D:/Project "," read ";
Iii. Instances
---- When initializing the policy, first load the system policy and then add the user policy. If neither of them exists, use the Default policy, that is, the original Sandbox Model.
---- The default location of the system policy file is:
{Java. Home}/lib/security/Java. Policy (Solaris)
{Java. Home}/lib/security/Java. Policy (Windows)
The default location of the user policy file is:
{User. Home}/. java. Policy (Solaris)
{User. Home}/. java. Policy (Windows)
---- Actually, in actual use, we may not be as complicated as described above, especially when no digital signature is used. At this time, we can fully learn from the ready-made/jdk1.2/JRE/lib/security/Java provided by JDK 1.2. policy file, which is modified according to our needs. This article describes the usage of the security policy file in detail when no digital signature is used.
---- The following is a complete. java. Policy file used in Windows 95/98/NT. In the file, the usage of each "permission" record is described in the form of annotations respectively.

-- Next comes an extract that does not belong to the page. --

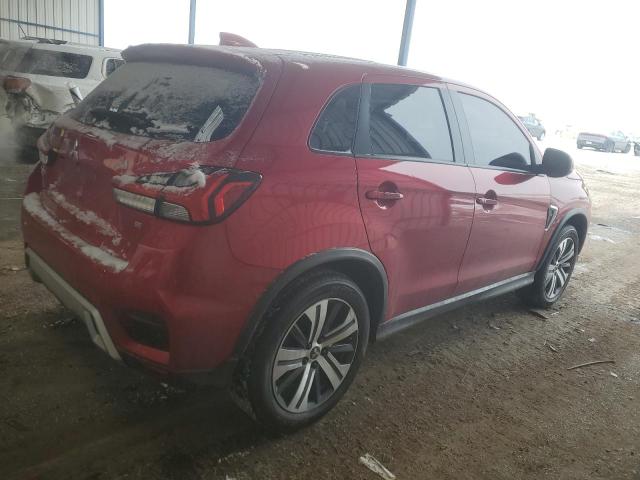 Vin: ja4aruau0nu011111, lot: 45756485, mitsubishi outlander es 20223
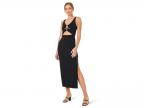 Camille Dress (black)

// For lanservertalk. Java and lanclienttalk. Java
Grant {
// Read the system and user directory
Permission java. util. propertypermission
"User. dir", "read ";
Permission java. util. propertypermission
"User. Home", "read ";
Permission java. util. propertypermission
"Java. Home", "read ";
Permission java. util. propertypermission
"Java. Class. Path", "read ";
Permission java. util. propertypermission
"User. Name", "read ";
// Operation permissions on threads and thread groups
Permission java. Lang. runtimepermission
"Modifythread ";
Permission java. Lang. runtimepermission
"Modifythreadgroup ";
// Perform operations on various permissions on the socket Port
Permission java.net. socketpermission
"-", "Listen ";
Permission java.net. socketpermission
"-", "Accept ";
Permission java.net. socketpermission
"-", "Connect ";
Permission java.net. socketpermission "-", "read ";
Permission java.net. socketpermission "-", "write ";
// ACL for reading and writing files
Permission java. Io. filepermission "-", "read ";
Permission java. Io. filepermission "-", "write ";
// Permission to exit the system, such as system. Exit (0)
Permission java. Lang. runtimepermission "exitvm ";
};
Iv. Use of Java. policy files
---- For Windows 95/98/NT, there are two methods to use the. java. Policy file.
---- 1. Use the default directory
---- We can simply edit it. java. copy the policy file to the Home Directory of Windows 95/98/NT. In this case, all the applets (or Java applications) may have the same permissions, which is easy to use, but not flexible (for example, for Java. io. filepermission, The target_name of the target class must use an absolute path). If it is not used in the enterprise intranet, there may be some security risks.
---- 2. Specify
---- In the command line, if we want to pass a policy file to appletviewer, you can also use the "-J-Djava.security.policy" parameter to specify the location of the policy:
Appletviewer-J-Djava.security.
Policy = purl myapplet
---- Purl is the location of the policy file. Handler (load and run lanservertalk. Java in the file ):
Appletviewer-J-Djava.security.policy
=. Java. Policy lanservertalk.html
---- This method is flexible, especially when a software package is released on the enterprise intranet, the software is installed, set up, and migrated without having to modify the content of the policy file, scope control of security licenses is more precise.